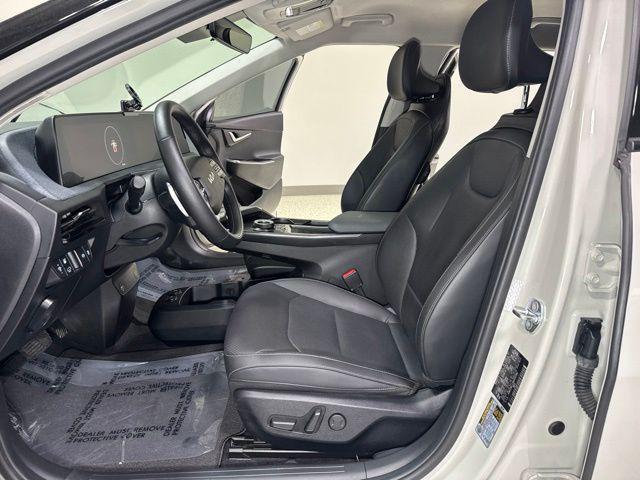 used 2022 Kia EV6 car, priced at $24,689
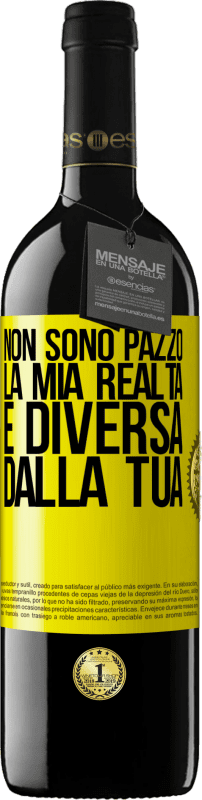 39,95 € Spedizione Gratuita | Vino rosso Edizione RED MBE Riserva Non sono pazzo, la mia realtà è diversa dalla tua Etichetta Gialla. Etichetta personalizzabile Riserva 12 Mesi Raccogliere 2015 Tempranillo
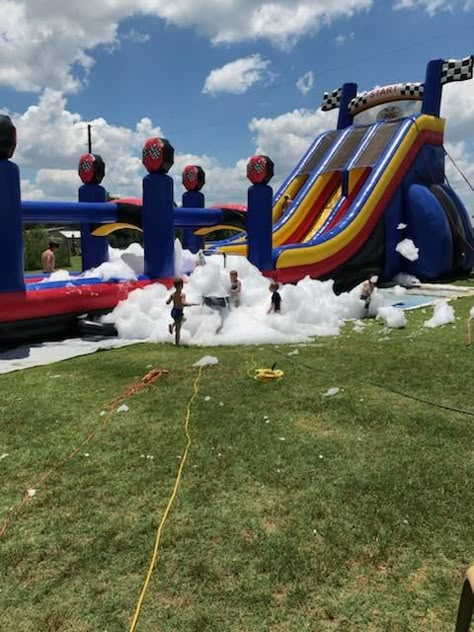 Waterslide Bday Party Ideas, Backyard Water Slide Party, Water Bounce House Party Ideas, Waterslides Backyard, Waterslide Party Ideas, Inflatable Slide Party, Inflatable Water Slide Party, Water Slide Party Ideas, Slip N Slide Party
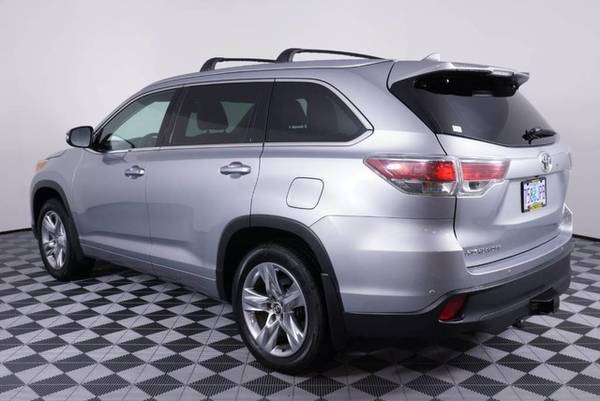 2016 Toyota Highlander Predawn Gray Mica PRICED TO SELL! for sale in Eugene, OR – photo 9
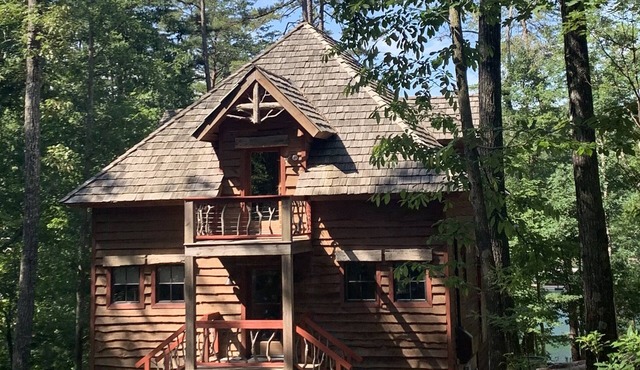 Lakefront Home on Private Cove in Desirable Upper Lake Keowee Location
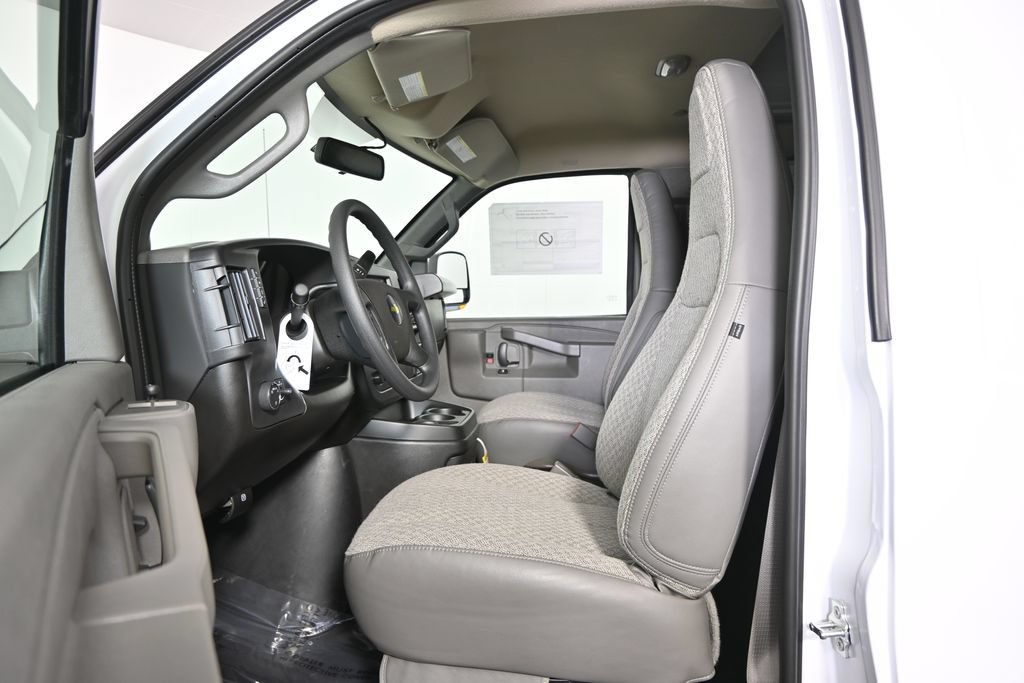 New 2026 Chevrolet Express 3500 w/ Driver Convenience Package RWD image 20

Assignment - Leave out the images and write out the lines above exactly, from the one with "39,95 € Spedizione" up to and including the one with "Waterslide Bday Party".

Answer to this exercise -
 39,95 € Spedizione Gratuita | Vino rosso Edizione RED MBE Riserva Non sono pazzo, la mia realtà è diversa dalla tua Etichetta Gialla. Etichetta personalizzabile Riserva 12 Mesi Raccogliere 2015 Tempranillo
 Waterslide Bday Party Ideas, Backyard Water Slide Party, Water Bounce House Party Ideas, Waterslides Backyard, Waterslide Party Ideas, Inflatable Slide Party, Inflatable Water Slide Party, Water Slide Party Ideas, Slip N Slide Party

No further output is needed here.